4.4 Colour gradients evolution

A further clue to the evolution of galaxies may be provided by radial colour gradients. These reflect the 2D distribution of stellar populations as well as their kinematics. The existence of colour gradients in nearby ellipticals (e.g. Saglia et al. 2000; Tamura & Ohta 2000) is best explained as being due to a mild metal abundance gradient with radius (richer inward) and its apparent dependence on galaxy luminosity (e.g. in Coma; den Brok et al. 2011) suggests a model where the majority of the stellar populations were assembled early in rapid mergers or dissipational collapses, as a more extended hierarchical merger scenario would tend to erase such gradients (Kobayashi 2004).

In Paper I we showed through the ratio of rest-frame B- and R-band Reff that the 1 < z < 1.4 CRSGs had significant radial colour gradients, becoming bluer with radius. The strength of these gradients was such that they could not be explained by abundance variation, implying that they were a symptom of radial age gradients in the stellar population of each galaxy. Following Paper I, we have derived colour gradients for our galaxies, extending the treatment by converting the observed Reff and n in the two B and R bands to a more conventional Δ(BR)/Δlog r (La Barbera et al. 2002). To do this we determine the colours at 1 and 2Reff, sufficiently large radii to not have the measurement compromised by either the PSF or pixel size, even for the most distant objects.

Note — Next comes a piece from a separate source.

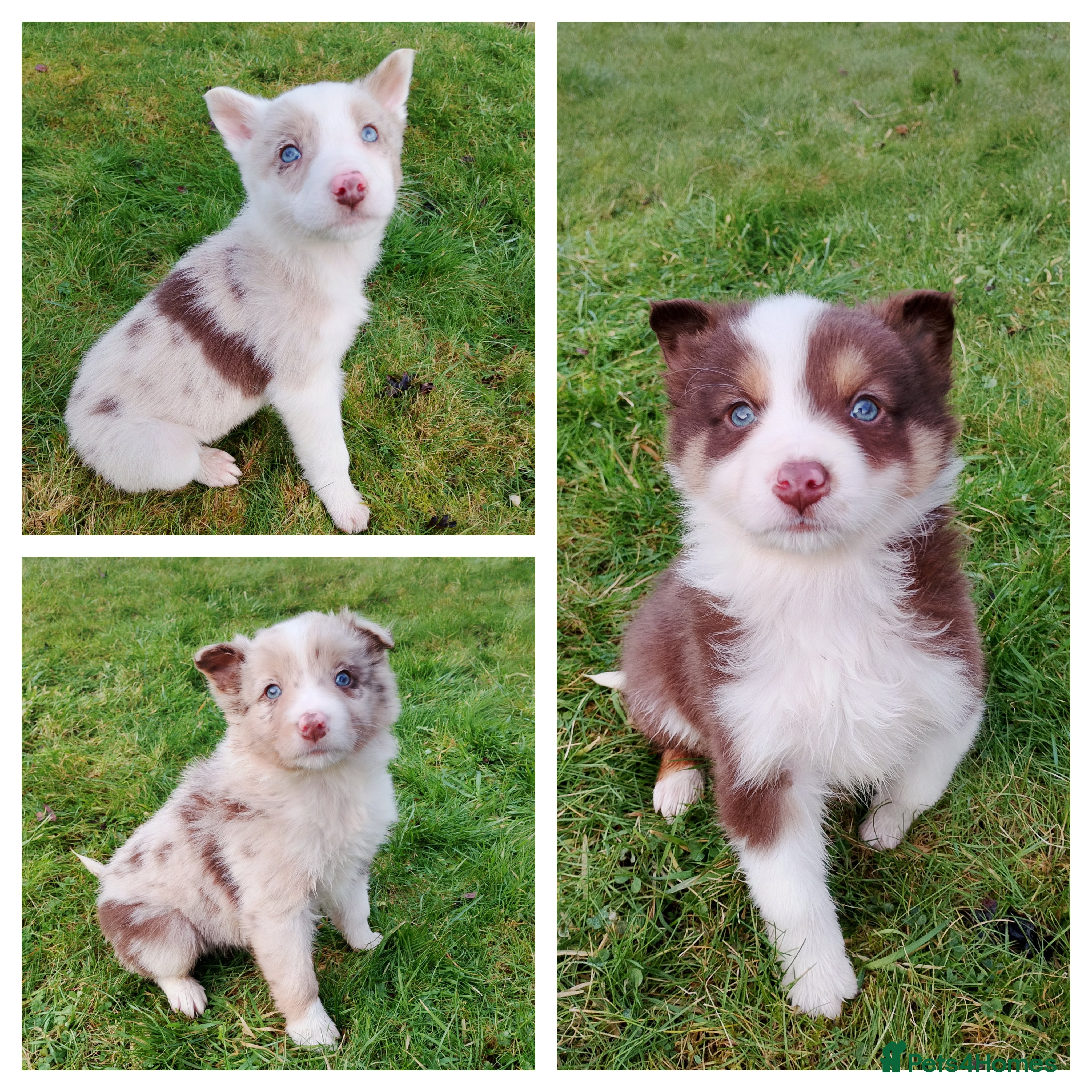 Border Collie dogs Red + Red Merle Border Collie Puppies DNA CLEAR - Advert 5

In order to display the results of this procedure and gain insight into how the gradients depend on stellar mass, for each redshift range we show the derived colour gradients and best-fitting straight line from a biweight estimator (e.g. Beers et al. 1990) in Fig. 7, plotted versus Rz = 0.22 as in previous figures. The units of the colour gradients are magnitudes per decade in radius. The statistical uncertainty on each derived value is low (typically <0.1 mag per decade in radius) given the errors on n and Reff from galfit (typically less than 1 per cent). Consequently the scatter in and breadth of the distributions is a real reflection of the scatter in the properties of the objects at each redshift.

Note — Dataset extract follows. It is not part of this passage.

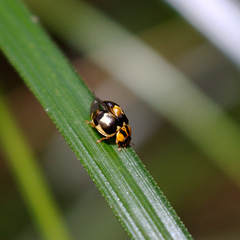 Harmonia antipoda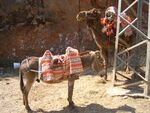 Donkey and camel.JPG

Colour gradients for galaxies in clusters at all redshifts we consider. Each panel corresponds to a redshift interval as indicated in the legend.
Figure 7.

Colour gradients for galaxies in clusters at all redshifts we consider. Each panel corresponds to a redshift interval as indicated in the legend.

At lower redshifts, the mean values of the colour gradient at each R-band magnitude are consistent with the usual mild colour gradients (about 0.1–0.2 mag blueward per decade in radius) seen in nearby clusters. At these redshifts we also confirm the existence of a mild trend with luminosity (and presumably stellar mass) extending over 3–4 mag, in the sense that fainter galaxies have milder colour gradients, as seen in the Coma Cluster (den Brok et al. 2011). This relationship appears to persist at least out to z ∼ 0.6 in agreement with earlier studies by La Barbera et al. (2003). Linear fits (with minimum absolute deviation) to the data are shown for the ‘low’ and ‘mid’ redshift bins in Fig. 7. If we interpret the observed gradients as metal abundance gradients, then our data are consistent with a trend of metal abundance with stellar mass, in the sense of galaxies with steeper potential wells having more significant gradients, as in Coma (den Brok et al. 2011). This is more consistent with an inner region dominated by old stellar populations formed dissipationally at high redshift, either by gas-rich early mergers or large-scale gaseous collapses (e.g. Oser et al. 2010).

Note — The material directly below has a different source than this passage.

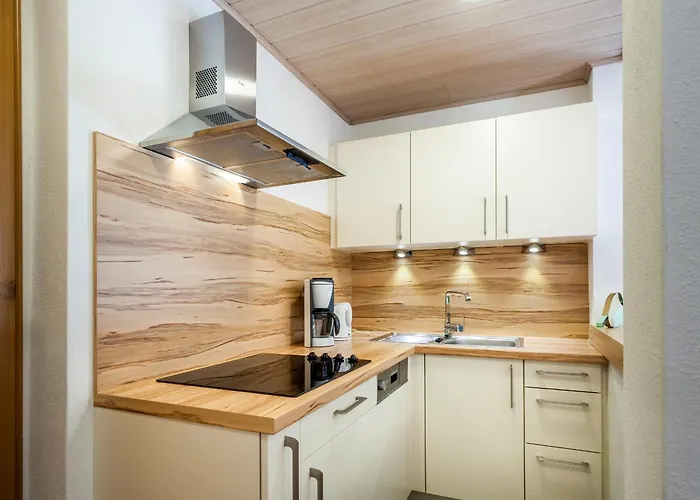 Haus Windegg 3* 图克斯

The picture changes at higher redshifts. At z ∼ 0.2 the gradient is typically −0.1 mag at Rz = 0.22 = 20 while at z > 0.6 this becomes −0.5 mag, but with a larger scatter. At z > 0.6 the outskirts of galaxies seem to become increasingly blue relative to their centres and show an increasing object-to-object scatter in the strength of the gradient (cf. Paper I; Chan et al. 2016 for a similar result). For this reason we do not carry out fits to the data in the ‘high’ and ‘very high’ bins in Fig. 7. The appearance of comparatively strong colour gradients at z > 0.6 is consistent with the results at z ∼ 1.25 in Paper I where the outskirts of the CRSGs were clearly bluer than their centres (even though they were globally red in colour by selection). At these redshifts a significant minority of sources with Rz = 0.22 > 19 appear to have gradients with strength more easily achievable through stellar age gradients, rather than variations in metallicity as is common at lower redshifts.

In order to explore how the variation in the strengths of colour gradients maps on to potential differences in both age and metallicity of stellar populations in bulge and disc components, we generated the luminosity and colour evolution with redshift for two possible components of the galaxies using Bruzual & Charlot (2003) SSP models. We assumed a component that formed in a single burst at z = 3 with solar metallicity and determined its variation in rest-frame BR colour and mass to light ratio at z < 1.5. This can be taken to be representative of a maximally old bulge component (or indeed a similarly old disc component). For purposes of this exercise we assume that this represents a maximally red model for the central regions of one of our galaxies. We then did the same for a component undergoing a similar burst at z = 1.5 with either solar or 0.25 solar metallicity. The lateness of this burst was chosen simply to give the maximally blue colour and most rapid colour evolution below z = 1.4 rather than attempting to mimic any individual galaxy. In effect, it places an upper bound on the variation in colour that can be attributed to variations in population age and metallicity across a galaxy.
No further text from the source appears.